Takeaways from Dr. Langwig interview:

  • One issue with culling during pre-arrival (and culling in general) is that if the outbreak is much more widespread than your sampling, culling will be ineffective. However, if the spread is very localized, then knowing which animals are infected during pre-arrival would be helpful. Faster tests will always allow faster decisions.
  • Most of the time, the complications [with field work in collecting sample] come from being to accurately identify the species and catch and hold the animal appropriately as opposed to collecting the sample (which in our case is just a swab).
  • Sometimes researchers are leading the charge to collect samples, as has often been the case for chytridiomycosis. For other pathogens, sampling is more routine, usually conducted by government employees, often with more coordinated oversight by a central government.
  • Testing might be cheaper than implementing trade bans, depending on the product and specific risk. For example, the U.S. banned salamander imports, and while I don't know specific dollar amounts, I suspect the importation of salamanders to the U.S. is not generating a lot of value. (Dr. Karen Lips at U of Maryland was involved in this, and might be a good person to contact.) Therefore, banning salamander imports might be worth the cost tradeoff of testing every salamander. For something where profits were higher, I would think testing could be far more beneficial then costs associated with reductions in trade or sanitizing equipment.
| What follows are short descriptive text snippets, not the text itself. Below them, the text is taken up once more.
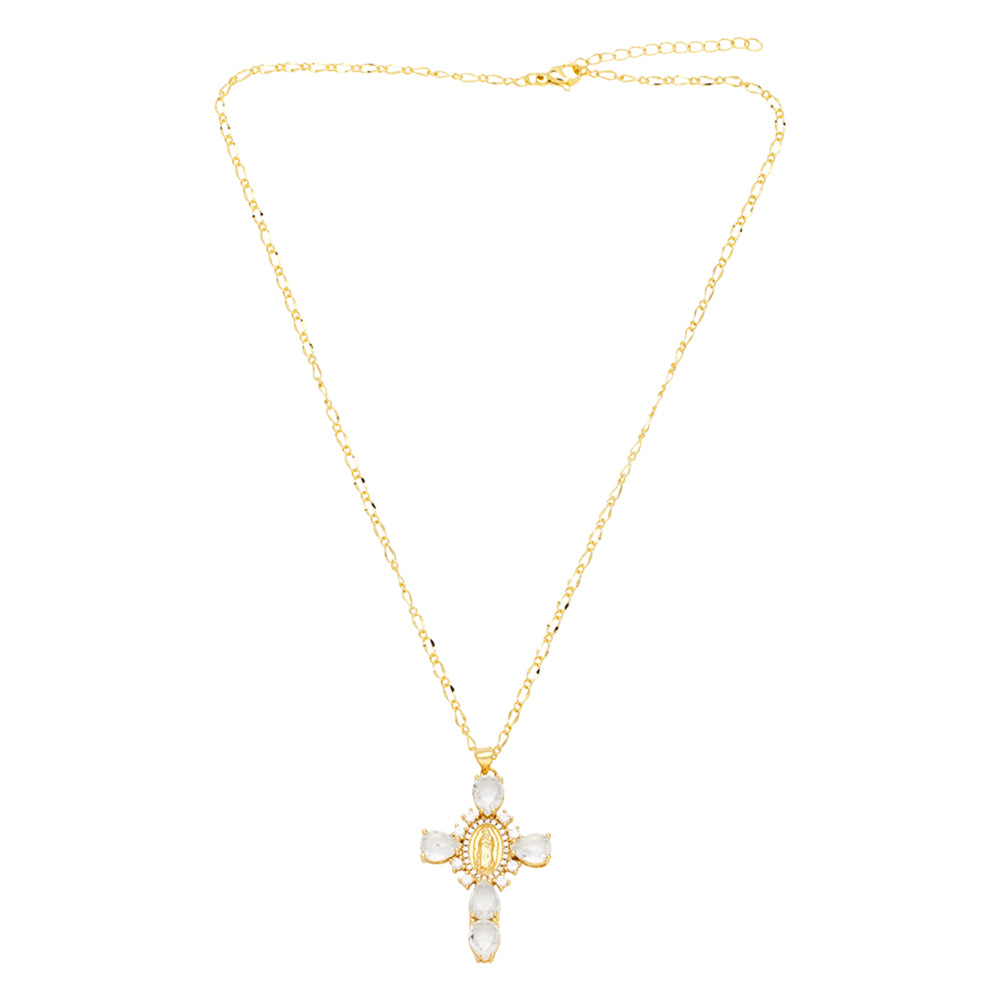 Artistic Human Cross Stainless Steel Copper Plating Inlay Zircon 18K Gold Plated Pendant Necklace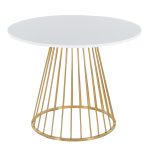 Canary Contemporary Gold and White Dining Table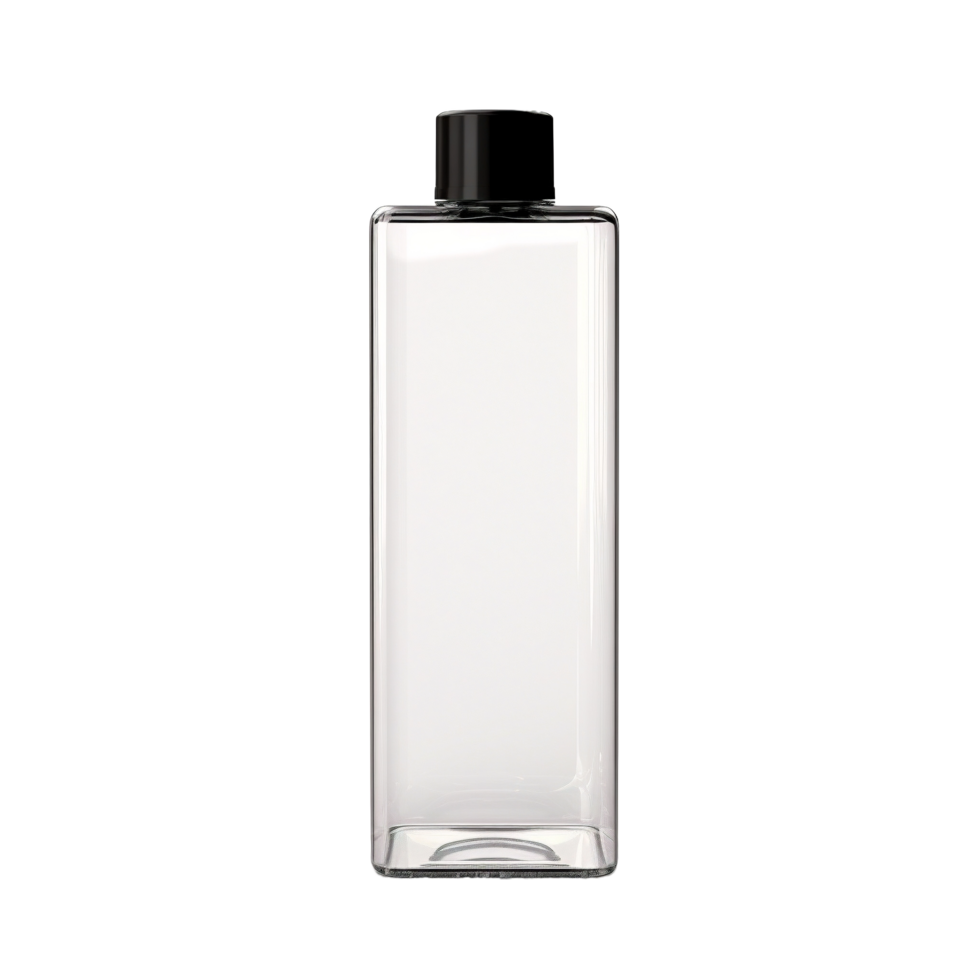 AI generated a clear plastic bottle with a black lid on a transparent background png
Takeaways from Dr. Penner:

  • No, culling is not a strategy currently promoted for Bd or Bsal. This has several reasons. Partly because diagnostics are never 100% reliable. Partly because this will not stop the spread of the disease because it is also transmitted by other vectors (i.e. other species and other means (e.g. soil, water). Testing all vectors is impossible. For Bd and BSal other researchers test avenues to cure the infected individuals, which looks promising in the case of Bsal. So the current idea is to remove infected individuals, keep them in captivity until free of the pathogen, monitor the environment until pathogen free as well, then release the individuals back into the wild.
  • [If diagnostic were to be improved], researchers would be faster and would not release infected animals. These would not be culled but cured and released at a later point in time. This is not possible with current methods. One has to wait until infections have spread widely, then find living animals which will all be collected (not only infected individuals) and treated in captivity until release.
  • Currently researchers [collect samples] but in case this will prove to be a reliable method, hired personnel would most likely be included as well.
  • Currently, the government in Germany only takes an active role in diseases related to birds and mammals. Amphibian and reptile diseases are analyzed by researchers.
  • Q: One of the barriers to a rigorous measure during the pre-arrival stage is the significant cost and impact on trade. (Langwig et al., 2015) Given the other elements of this stage (testing, quarantine, and banning), how significant is the cost of testing as a limitation for the biosecurity measures?
    • In my opinion, costs are significant because research is conducted on the basis of money acquired by third-party funds. Thus limited and only available for specific projects. Thus there are "waves" of higher rates of testing and lower efforts but not really continuos comparable standardized monitoring. Your machine could enable that.